Better Ways to Express Character Emotion and Physical Reaction -- A Book Exam of Christine Lindsey's "Shadowed in Silk"
Bobbing around in the yummy, inspirational, historical novel section of the internet (surely you've heard of that genre "yummy" ;)) you can hardly have missed hearing something about Christine Lindsey's Shadowed in Silk. Set in India only months after the WWI armistice, during a period when native Indians grew increasingly restless under the British raj, Shadowed in Silk tells the story of a young woman caught up in national turmoil, international intrigue, and a marriage in tatters which had barely begun. It is also the storyof a British officer whose heart has been broken by personal loss, by war, by an aching for the Indian people not shared by his peers. Sights, sounds, and other characters, richly developed, move throughout the pages giving readers an immersion into the world that was India in 1918.
While telling a remarkable and riveting tale spilling with vivid historical detail, what really struck me about Christine's book from a writer's point of view, was her diverse use of language that gave the characters emotional expression in each scene. If you write, you know how it is sometimes -- you get mentally stuck in a world of bland, worn out phrases -- she smiled, he dipped his head, her heart pounded -- those kinds. Some days at the keyboard we wrestle for a better way to express character emotion and physical action.

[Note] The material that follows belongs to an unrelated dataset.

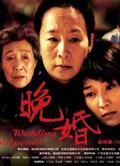 晚婚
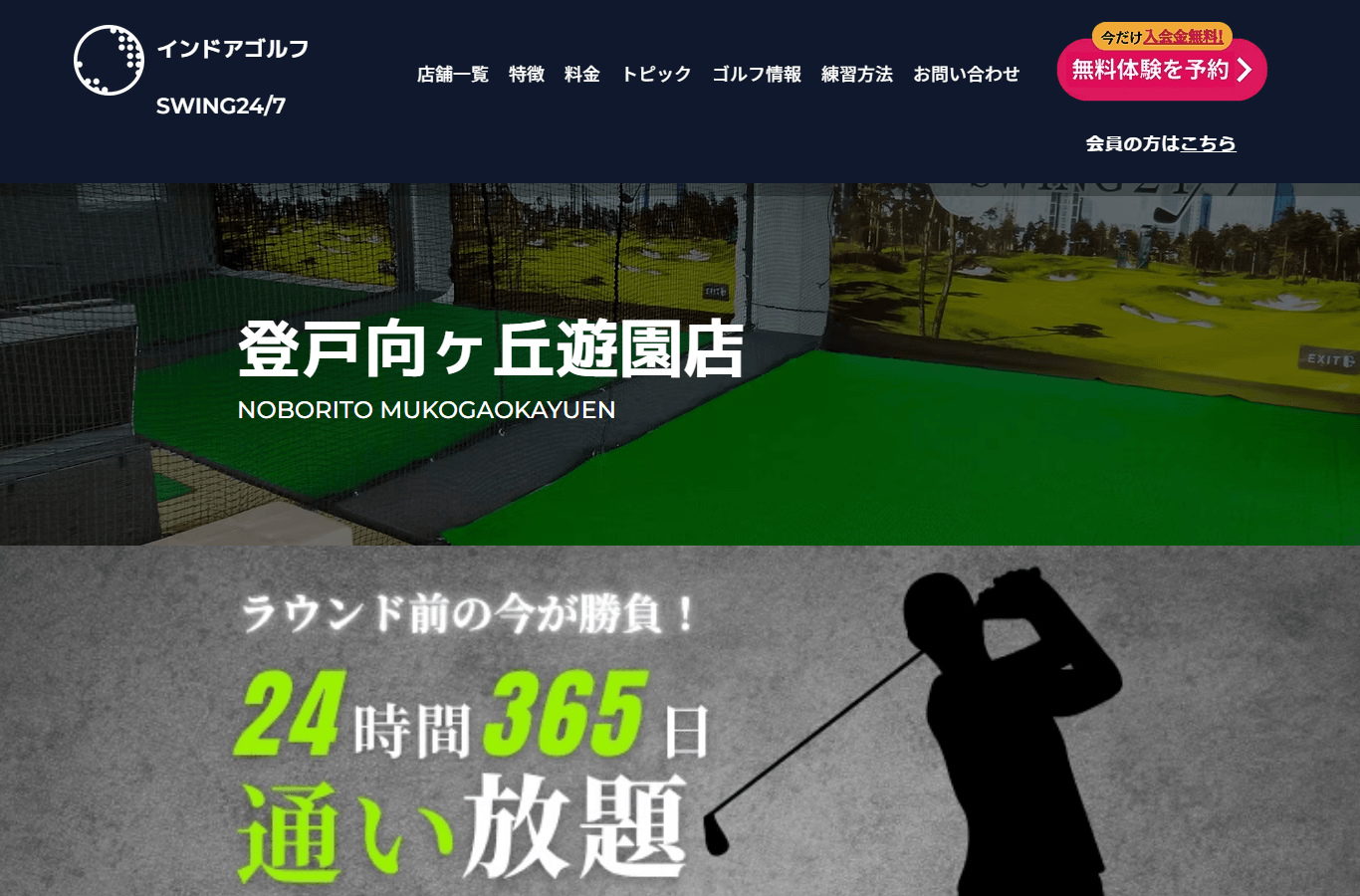 SWING24/7 登戸向ヶ丘遊園店のイメージ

I jotted down forms of a few of the phrases in Shadowed in Silk that I found impactful to the scenes Christine was spinning. Here are some of them:
The tightness across her shoulders eased.
Her stomach slammed against her spine.
A flicker of excitement passed behind his eyes.
His pulse beat a tattoo at the base of his throat.
He roped his good hand into her hair and jerked her to him.
Her vision went white with pain.
Everything funneled so all she saw was his face above hers.
The old man's face wreathed with a smile but quickly became a sober mask.
Creases at the corners of his eyes fanned out with his smile.
His brain felt like the hot mash of rotting potatoes.
A flicker of awareness crossed her face.
He went on, feeling coldness lap around his heart.
Ice water flooded his veins.
His insides writhed.
A nerve flickered across one of her eyelids.
His voice dipped further
Pay special attention to the power of her nouns and verbs. Tightness eased, stomach slammed, creases fanned... She uses strong words to incite an emotional reaction from the reader.
Christine's novel is definitely worthy of the rave reviews and awards she's received. Writers would find it worth their time to read it with an eye on craft. For a debut novelist, Christine has written with a depth from which any writer can learn to improve technique, especially ways in which to express character actions and emotional responses.